The website has a faux protected area that you can log into using a form. The Capture tool was used to create a definition for automatically logging into the website before copying starts.
The presence of features/authenticationprofile.html
in the downloaded website indicates the login was successful.
Although a little old fashioned these days as many websites prefer to use form based authentication as above, some websites still do issue 401 challenges. The project has two passwords defined, a global one which will be used for any challenge by the site, and another which is tied to a specific page.
If you copy the website and open statuscodes/4xx/401basic.html
you will note that it references guest2
, whilst statuscodes/4xx/401digest.html
will reference guest3
, showing that the different credentials were used accordingly.
Rules can be used to exclude parts of a website. In this demo, a rule has been created to exclude the /features/downloadtest.php
URL as the files it creates aren't actual valid.
Another rule also exists to exclude /features/authenticationlogout.php
as it is somewhat pointless logging into a website only to log right back out again!
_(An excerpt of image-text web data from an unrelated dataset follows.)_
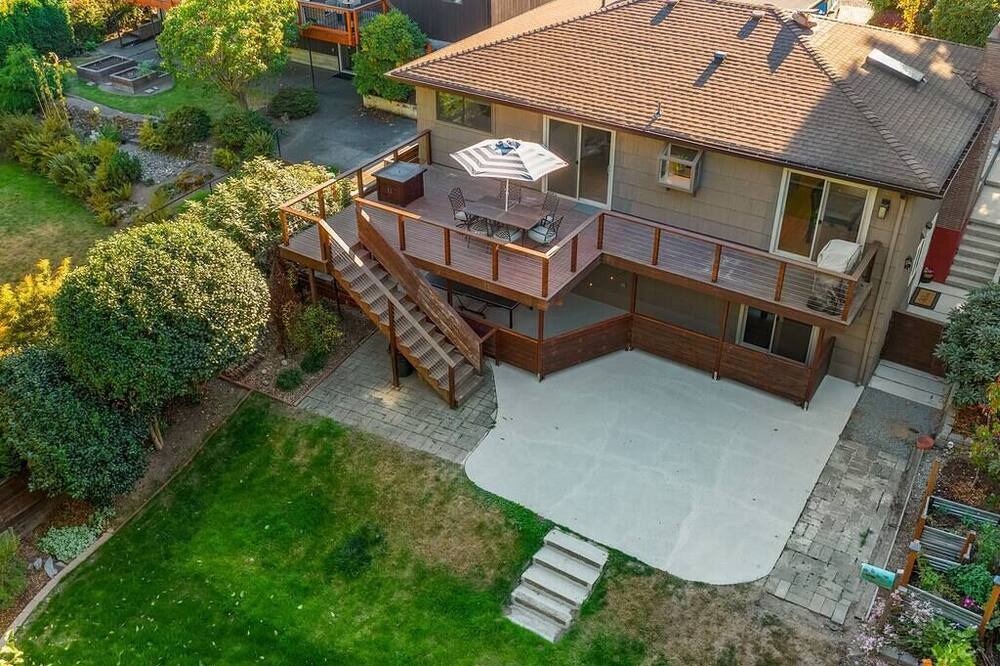 Photo of Outdoor in Olympic Hills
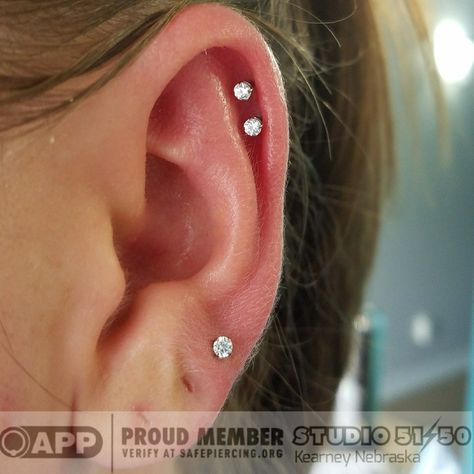 Peekaboo! Fresh double helix and upper ear lobe piercings on a sweet new client. #letssparkle #appmember #safepiercing @safepiercing @neometaljewelry #doublehelix #doublerainbow Upper Ear Lobe Piercing, Double Helix Piercings, Double Tragus, Studio 51, Double Helix Piercing, Upper Ear Piercing, Pretty Piercings, Upper Lobe Piercing, Ear Lobe Piercings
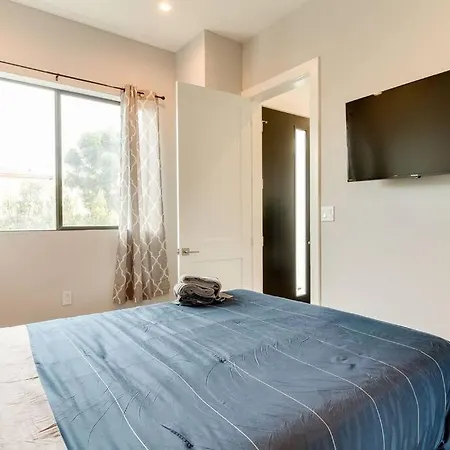 3 Luxury Modern Homes 12 Bedrooms & Rooftop Decks-3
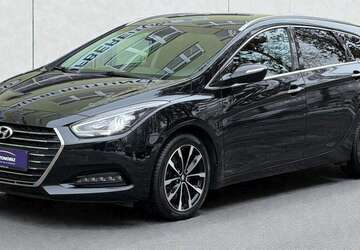 Hyundai i40 132.817 km 12.499 &euro; Berlin 13089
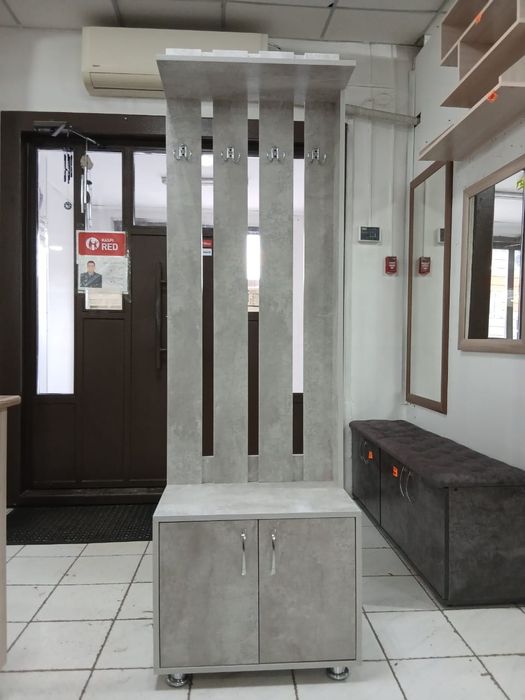 Вешалки, прихожие в коридор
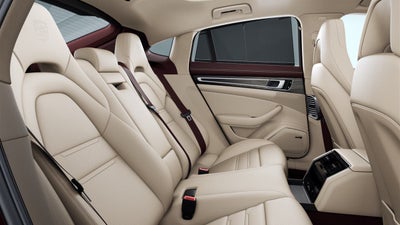 2023 Porsche Panamera Panamera 4 Platinum Edition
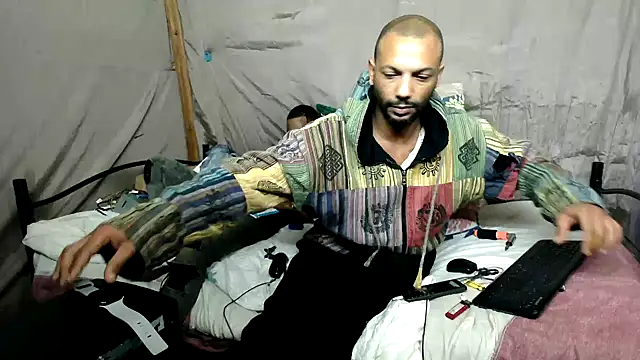 Camodick online show from July 30, 2026, 8:52 pm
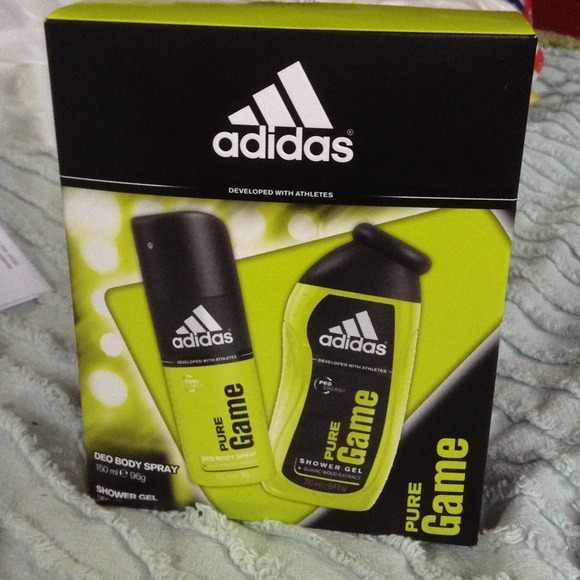Adidas body spray and shower gel kit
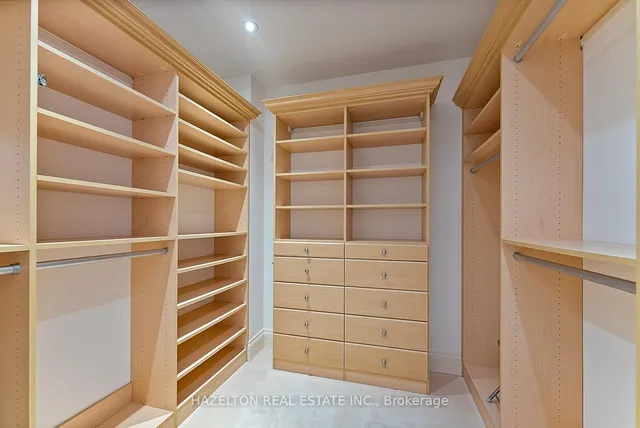 Additional image 34 of 1 St Thomas St Unit 14B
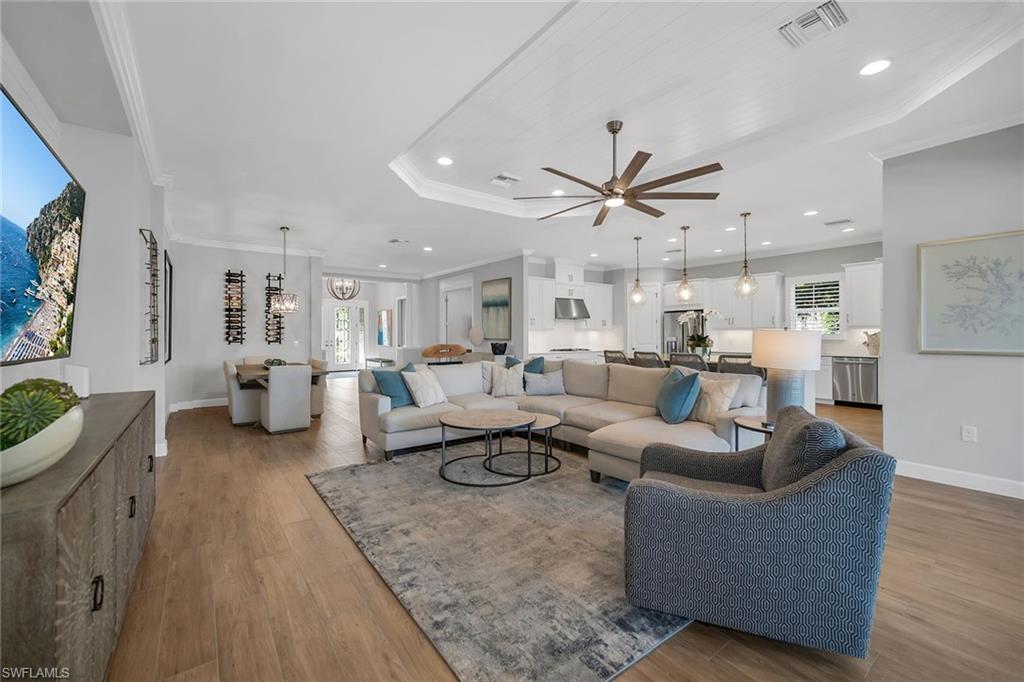 3273 Belon LN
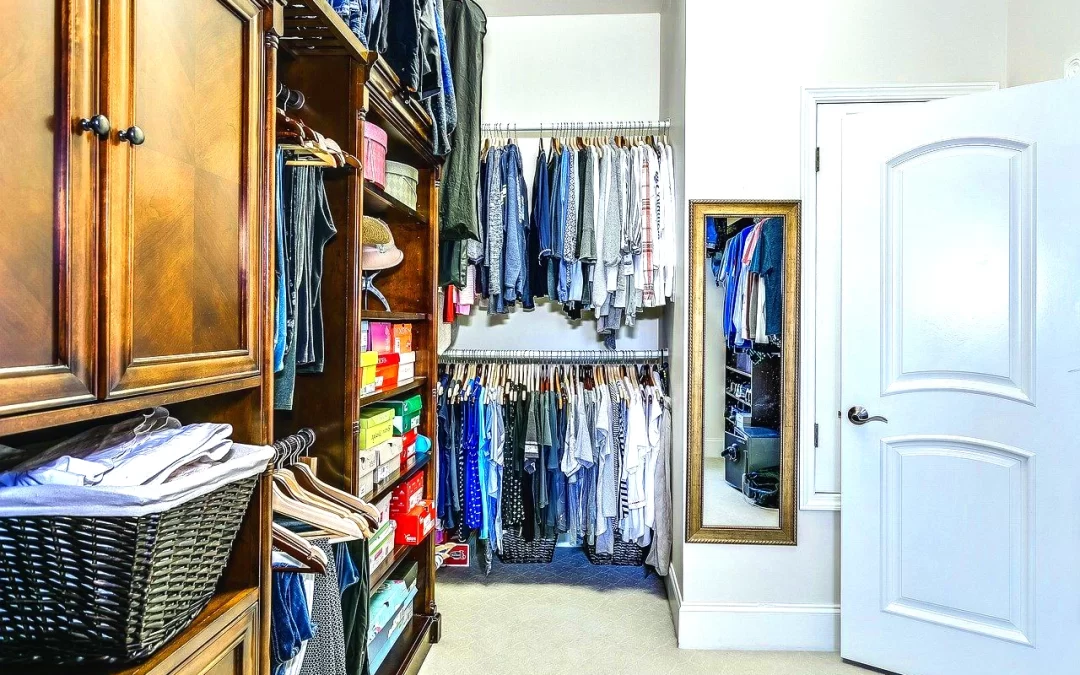 6 Simple Tips and Tricks to Organize Your Closet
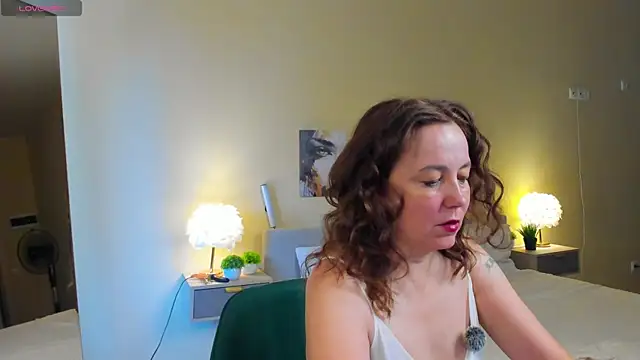 Kira Adler online show from July 2026 01:10:02 AM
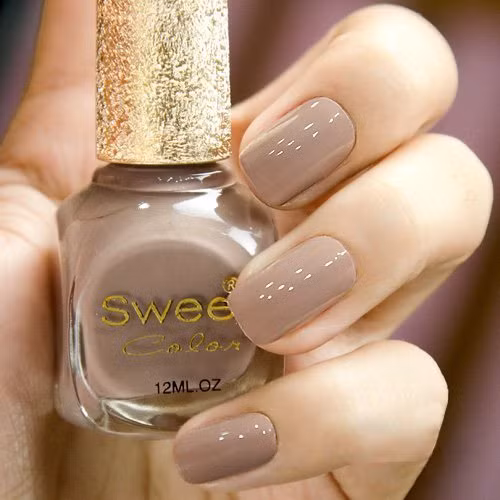 Màu tro thuốc. Xem thêm: Nail xinh, điệu cho bạn gái / Bộ sưu tập váy xinh chào hè 2012.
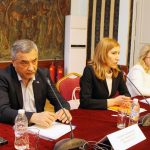 министърът на туризма Николина Ангелкова откри първата работна среща с брашна днес. На нея присъстваха вицепремиерът Валери Симеонов и заместник-министърът на туризма Ирена Георгиева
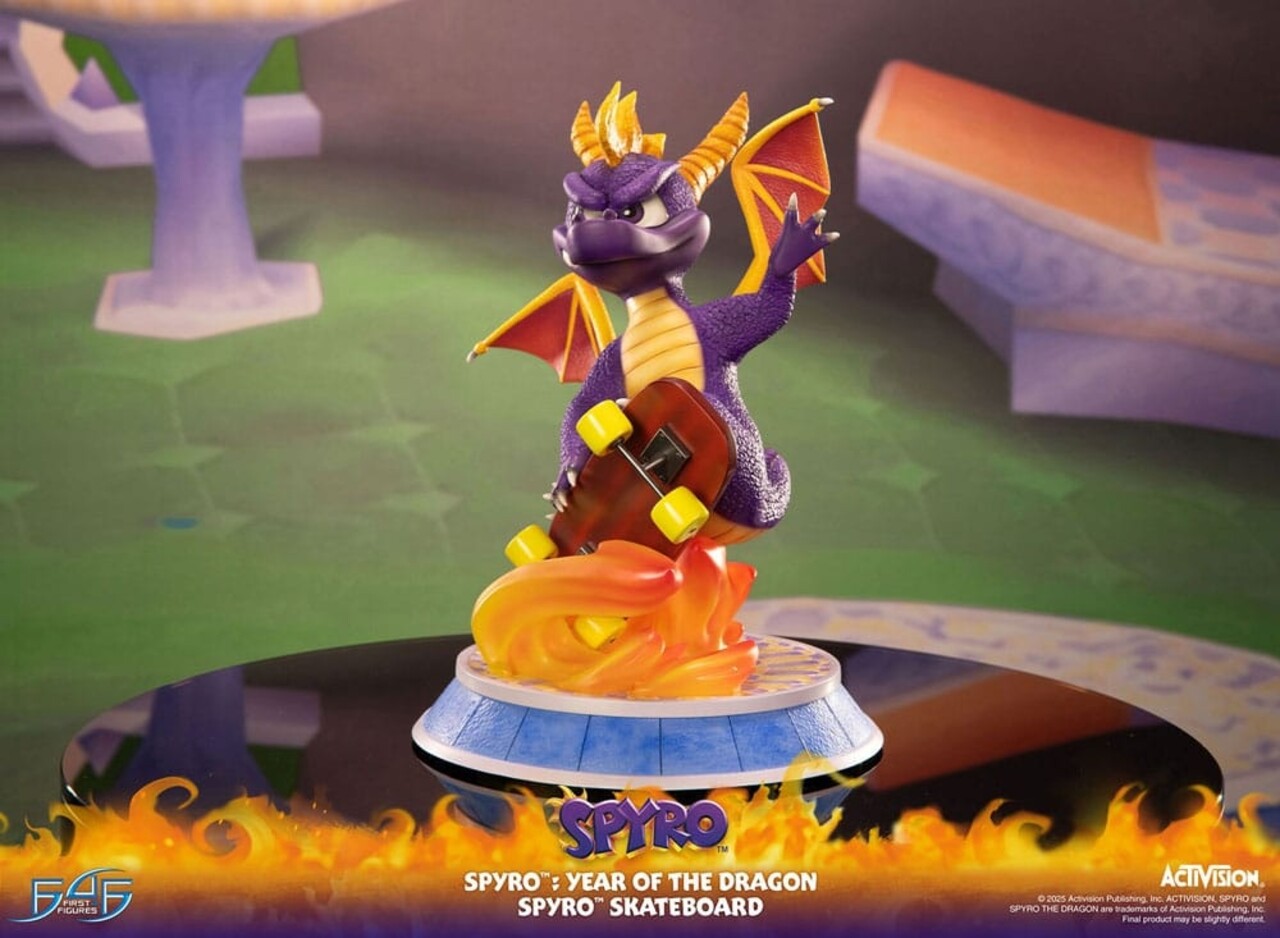 First 4 Figures Spyro : Year of the Dragon PVC Statue Spyro Skateboard 34 cm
The Download All Resource option is used to allow non-HTML resources to be downloaded from any location, unless explicitly disabled by rules. By default, the Download All Resources option is set for new projects, however the project has this disabled. This stops the crawl from hitting third party sites.
On occasion there may not be a direct link to a resource you want to copy. Several pages on the demonstration site are only accessible via JavaScript so as not to cause a default crawl to display a bunch of errors (it is a testing website after all!) and so the project also includes a pair of additional URLs to hit the 401 challenge pages mentioned above.
The free text field also demonstrates the use of comments and whitespace to break up the URL list.
Some websites use data attributes to contain links to other resources, typically images. The project defines one custom attribute, data-original
used to pick up a pair of images in the website that otherwise wouldn't be detected.
The files assets/img/background3.png
and assets/img/background4.png
will be present in the copied website if this attribute is defined.
Request headers can be used to direct the server how to respond, for example to use a different language or enable specific compression options. Custom headers are also supported which could be used for various purposes - for example an API key to access a resource. The project defines a single custom header, X-Transport-Version
, to send with every request.
If you copy the website and open features/requestheaders.html
the custom header and value will be referenced in this page.
Cookies are often used for storing session information. WebCopy allows cookies to be defined in the project, or read from an external file - useful for working around authentication issues where JavaScript or MFA is involved. The project defines a pair of example cookies, one using simple name=value
pairing, the second including a maximum age.
If you copy the website and open features/cookies.html
the custom cookies (along with the ones provided by the site itself) will be listed on this page.